Por isso, o projeto Casa Yawanawá, idealizado pelo designer Marcelo Rosenbaum em colaboração com o cacique Biraci Brasil Nixiwaka, é outro exemplo de arquitetura que respeita e integra as tradições culturais de uma comunidade indígena. Localizada na Aldeia Sagrada Yawanawá, no Acre, a iniciativa surgiu da necessidade de oferecer moradias que não apenas atendessem às condições climáticas da região, mas que também refletissem a identidade e os valores do povo Yawanawá. A proposta arquitetônica resultante é uma fusão entre funcionalidade, estética e ancestralidade, utilizando materiais locais e técnicas construtivas adaptadas aos contextos ambiental e cultural da comunidade.

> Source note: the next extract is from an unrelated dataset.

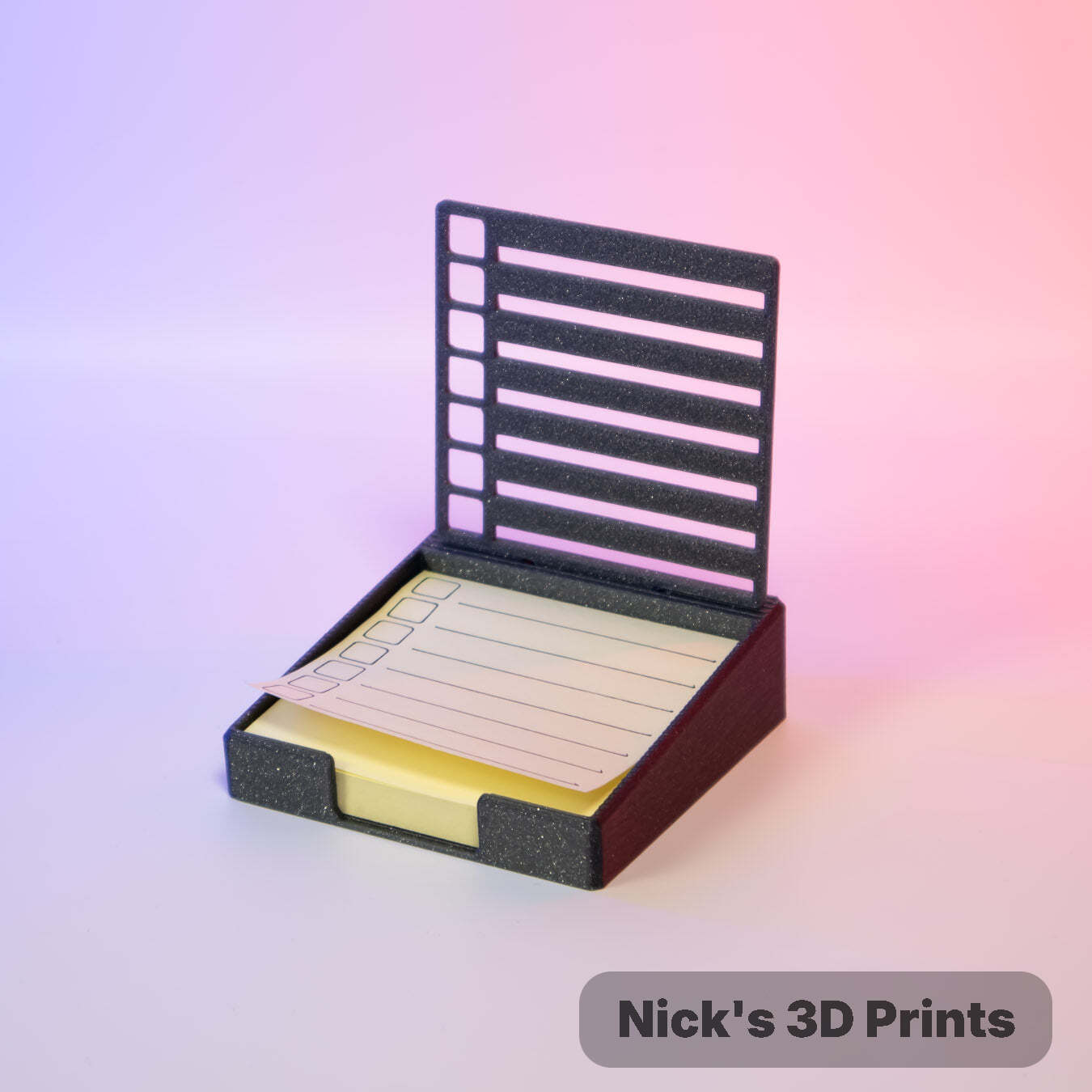 Sticky Note Holder, To-Do Template, Modern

Os moradores definiram o desenho das casas, escolheram materiais locais e orientaram sobre técnicas construtivas que respeitam sua relação com a natureza e com a espiritualidade da comunidade. Cada habitação reflete práticas tradicionais, preserva a memória cultural e promove autonomia, reforçando que habitação não é apenas abrigo, mas também identidade.
Embora o projeto não tenha sido motivado por desastres naturais, ele compartilha com a iniciativa das Filipinas a necessidade de preservar e fortalecer a identidade cultural por meio da habitação. Ambos os projetos reconhecem a importância da arquitetura como ferramenta de resistência e afirmação cultural, proporcionando aos seus habitantes não apenas um espaço físico, mas também um símbolo de pertencimento e continuidade de suas tradições.